I need to find the area of this region:

$$\begin{align} y&=1,\dots,y=\sqrt3x&&\implies\left(\frac1{\sqrt3},1\right)\\ y&=1,\dots,x^2+y^2=4&&\implies(\sqrt3,1)\\ y&=\sqrt3x,\dots,x^2+y^2=4&&\implies(1,\sqrt3) \end{align}$$

With Fubini's theorem I get $$\int_{y=1}^{y=\sqrt3}\left (\int_{x=\frac{y}{\sqrt3}}^{x=\sqrt{4-y^2}}\ \mathrm dx\right)\ \mathrm dy=\frac{\pi-\sqrt3}{3}$$

I think this is a good answer.

However how can use polar coordinates to solve this?

Polar coordinates $$x=\rho\times\cos(\theta);\quad y=\rho\times\sin(\theta)$$

I know that $\theta\in\left[\dfrac{\pi}{6},\dfrac{\pi}{3}\right]$ but how can I find $\rho$?

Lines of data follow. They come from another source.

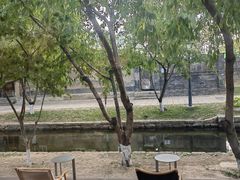 -春风习习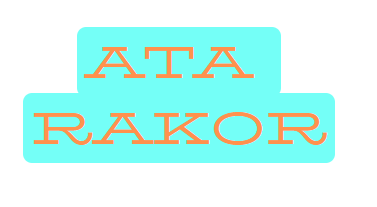 ATA RAKOR BAĞLANTI ELEMANLARI SAN.VE TİC. LTD. ŞTİ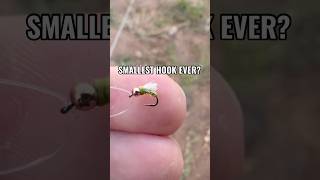 What’s the SMALLEST fish you’ve ever caught? 🎣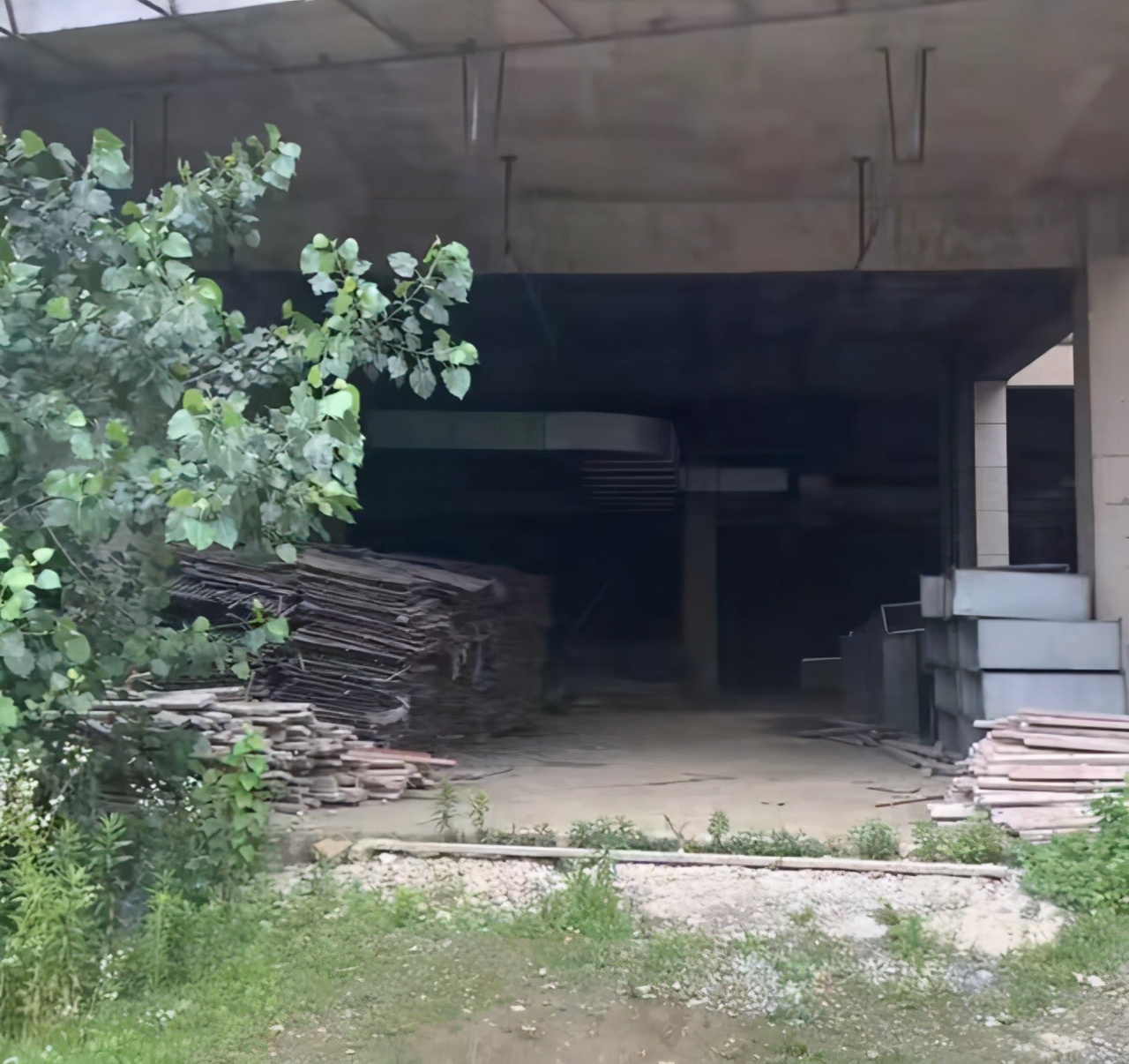 江苏省|江苏无锡，开发商拿钱跑路，业主只能在负一楼养鱼解恨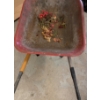 Image 3 : Red Wheelbarrow - 55L, 21T 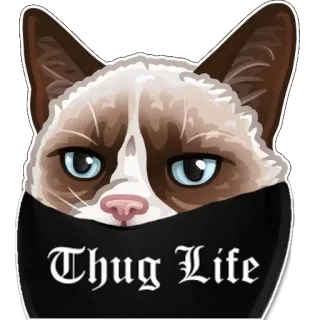 😠 abe723b2 Thug Life แมว, นักเลง, มีม, สติกเกอร์ telegram sticker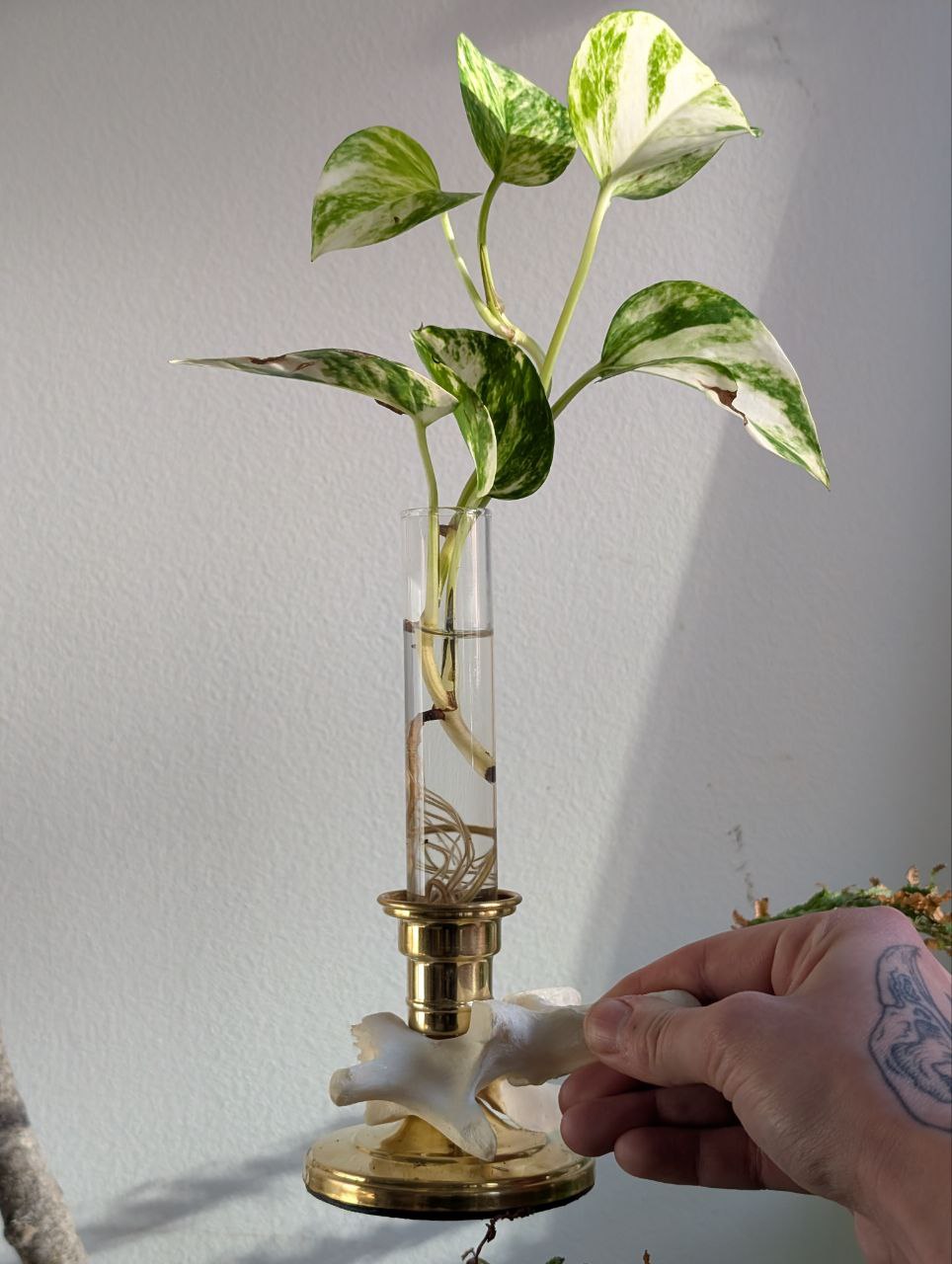Bone Candle Stick I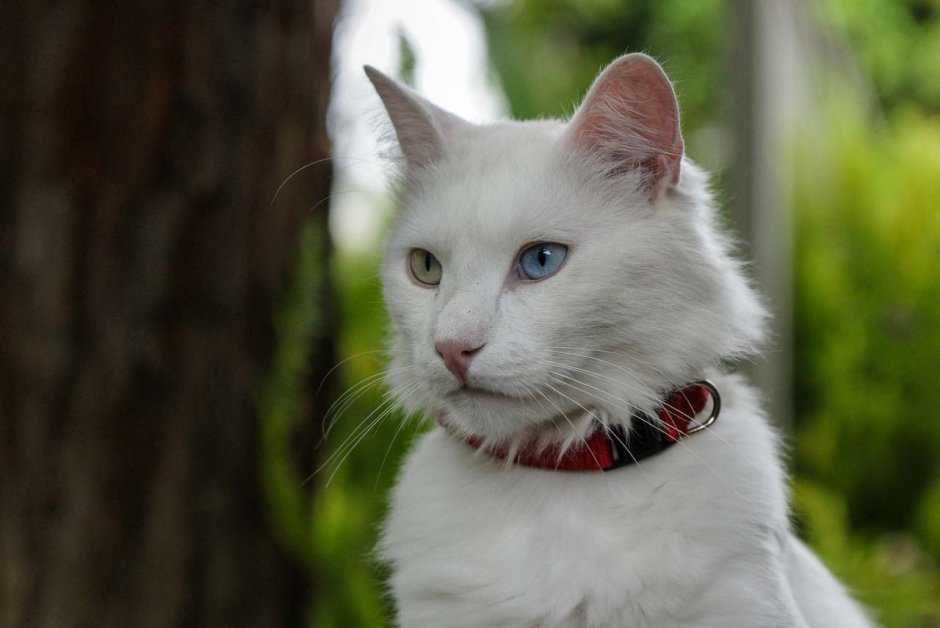 Турецкая ангора кот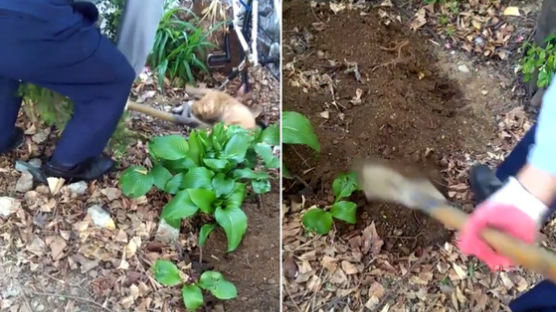"살아있는 고양이를 땅에…" 페북에 공개된 잔인한 영상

My guess is $\rho\in\left[\dfrac{1}{\sin\theta},\text{something}\right]$. Can somebody explain how to find $\rho$ in this situation?

Answer 1

area in pink + area in blue = $\int_1^2\sqrt{4-x^2}\,dx=\frac{2\pi}3-\frac{\sqrt3}2$

area in blue + area in green = $\frac12\times 2^2\times \frac\pi6=\frac\pi3$

area in green = $\frac12\times1\times\frac1{\sqrt3}=\frac1{2\sqrt3}$

Hence :

$$\mathrm{pink}\,\mathrm{area}=\left(\frac{2\pi}3-\frac{\sqrt3}2\right)-\left(\frac\pi3-\frac1{2\sqrt3}\right)=\boxed{\frac{\pi-\sqrt3}3}$$

Hoping there are not too many mistakes ...

Answer 2

Find the equation of the horizontal line $y=1$ in polar coordinates. Suppose the equation is $\rho = f(\theta).$ Then you need to integrate $2 - f(\theta)$ over the range of angles spanned by the region, that is, from the value of $\theta$ where $y=1$ intersects the circle in the first quadrant to the value of $\theta$ for the line $y=\sqrt3 x.$

Even easier, without calculus at all, construct a line from the origin through the point $(\sqrt3,1)$ where $y=1$ intersects the circle. This and the other line bound a segment of the circle. Find the angles of the two lines, and use the angle between them to find the area of the segment. But the segment includes both your desired region and a triangle below it, so subtract the area of the triangle.